SEC Questions Musk’s Timing on Twitter Deal
WASHINGTON — The U.S. Securities and Exchange Commission began to question Elon Musk about his potential attempt to pull out of his $44 billion deal to buy Twitter more than a month before he made it official.
The questions came after a May tweet in which Musk said his deal to buy the company was “on hold,” according to a letter dated June 2 released by the SEC Thursday. Staff from the commission had a phone call with Musk and his lawyers the day after the tweet, which they then followed up with the letter.

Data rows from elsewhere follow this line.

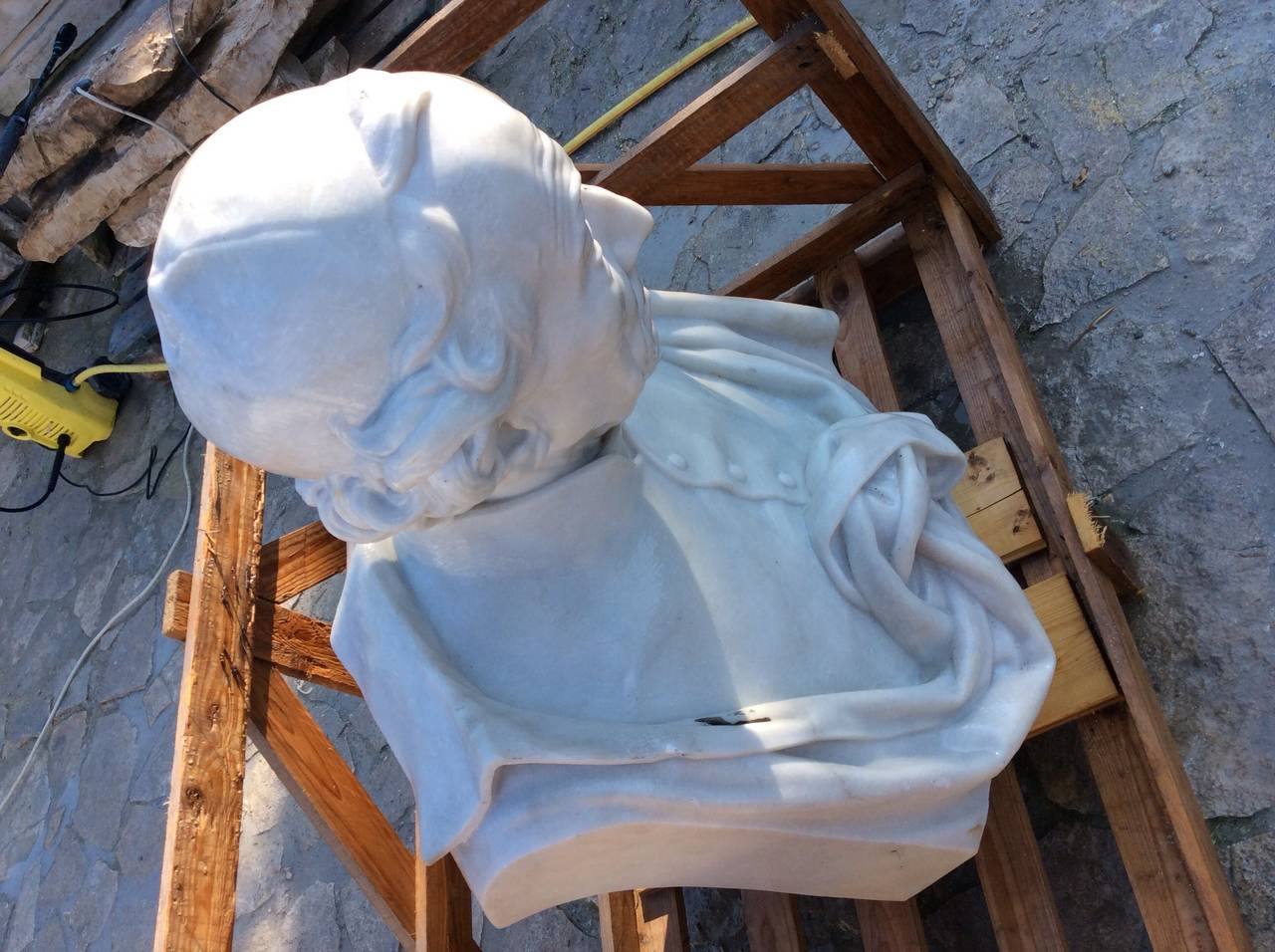 Louis XVI Carrara Statue Marble Vintage 20th Century For Sale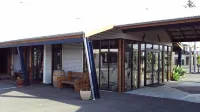 岩石汽車旅館 - 停車場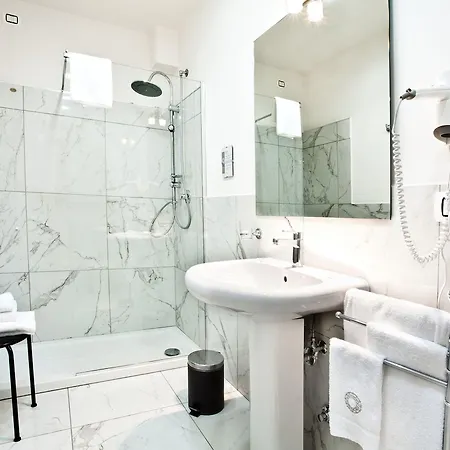Stelle The Businest Hotel 4*
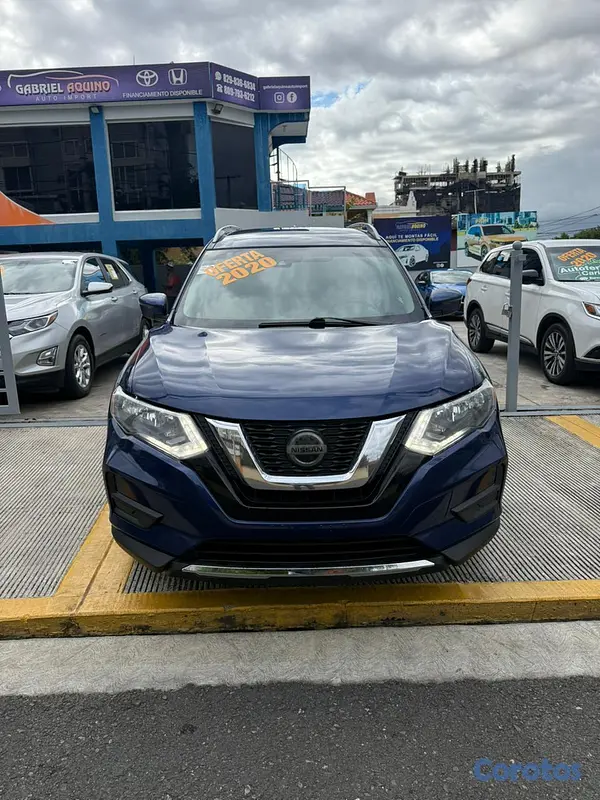 jeepetas y camionetas - Nissan Rogue SV AWD 2020 2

The letter states, “We note that on May 17, 2022, Elon R. Musk referred to the pending acquisition of Twitter, Inc. and publicly stated via his Twitter feed that ‘[t]his deal cannot move forward’. The term ‘cannot’ suggests that Mr. Musk and his affiliates are exercising a legal right under the terms of the merger agreement to suspend completion of the acquisition of Twitter or otherwise do not intend to complete the acquisition. Yet, we note that the Schedule 13D has not been amended to reflect the apparent material change that has occurred to the facts previously reported under Item 4 of Schedule 13D.”
The SEC asked for Musk to “Provide us with a written analysis in support of any conclusion that an amendment is not required” and also “Include in this analysis a clear statement as to Mr. Musk’s current plans or proposals with respect to the acquisition of Twitter. If a material change has occurred, then promptly amend the Schedule 13D.”
In a letter filed June 7, Musk’s lawyer, Mike Ringler, said the tweet didn’t amount to him backing out of the deal.
“Despite Mr. Musk’s desire to obtain information to evaluate the potential spam and fake accounts, there was no material change to Mr. Musk’s plans and proposals regarding the proposed transaction at such time,” Ringler wrote.
Since Musk began his attempted takeover there have been questions about his filings. On April 4, the day Musk first disclosed a 9.2% stake in the company, the SEC wrote a letter to Musk asking why he didn’t file his Schedule 13G when he acquired 5% of the company’s stock on March 14.
According to SEC rules, he was required to make that disclosure by March 24 — 10 days after he reached the 5% threshold. The commission publicly posted that letter in May.